Updated Oxford University is reportedly suspending all research grants and donations from Chinese tech giant Huawei, according to a Chinese newspaper.
The South China Morning Post (SCMP), which is owned by Chinese tech mega-corp Alibaba, reported on Thursday that graduate computer science students were told by email that Oxford’s Committee to Review Donations “have decided to suspend Huawei as an approved gift donor/research sponsor.”
“This decision will be revisited by the committee in 3-6 months and does not impact existing donations or research projects which have already been agreed and signed, and are in progress,” continued the email quoted by the SCMP.
Oxford University itself promised to send us a statement, having conspicuously not denied the report when we rang them up to ask about it, but no missive had reached The Register by the time of writing.
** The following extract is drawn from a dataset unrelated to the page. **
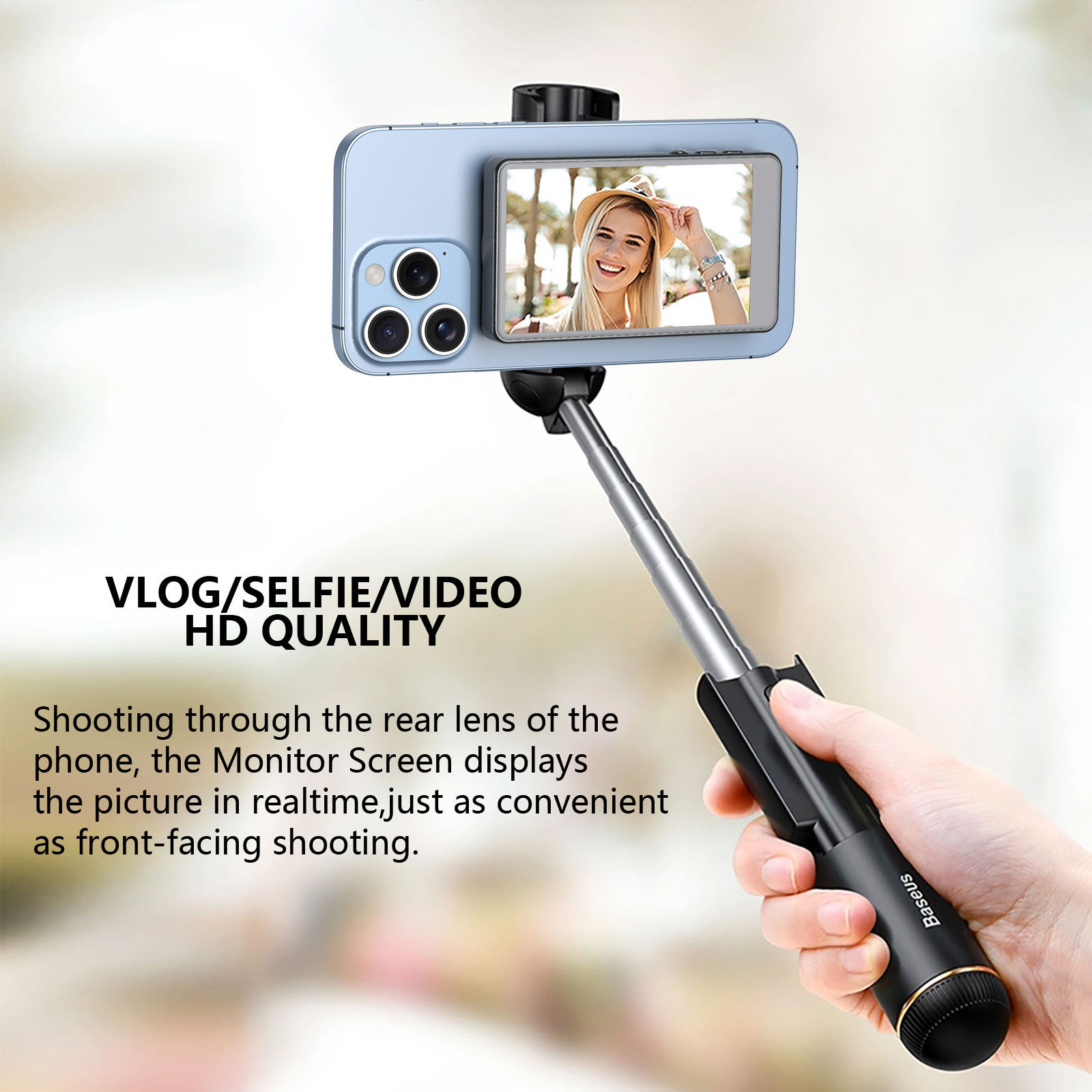 Vlog Selfie Monitor Screen for Phone (Not Support iPhone 17) or Selfie Vlog , Ma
Details on who makes up the Committee to Review Donations is hidden from the public eye; however, a review of public records revealed that a university administrator, Felicity Burchett, is its secretary, while oil company exec-turned-serial-non-exec-director Timothy Faithfull is a member. The committee’s rules can be read on the Oxford University website and suggest that it deals with “cases referred to it” rather than proactively stepping in.
Two days ago, a Taiwanese research institute banned Huawei devices from being connected to its internal network due to security concerns.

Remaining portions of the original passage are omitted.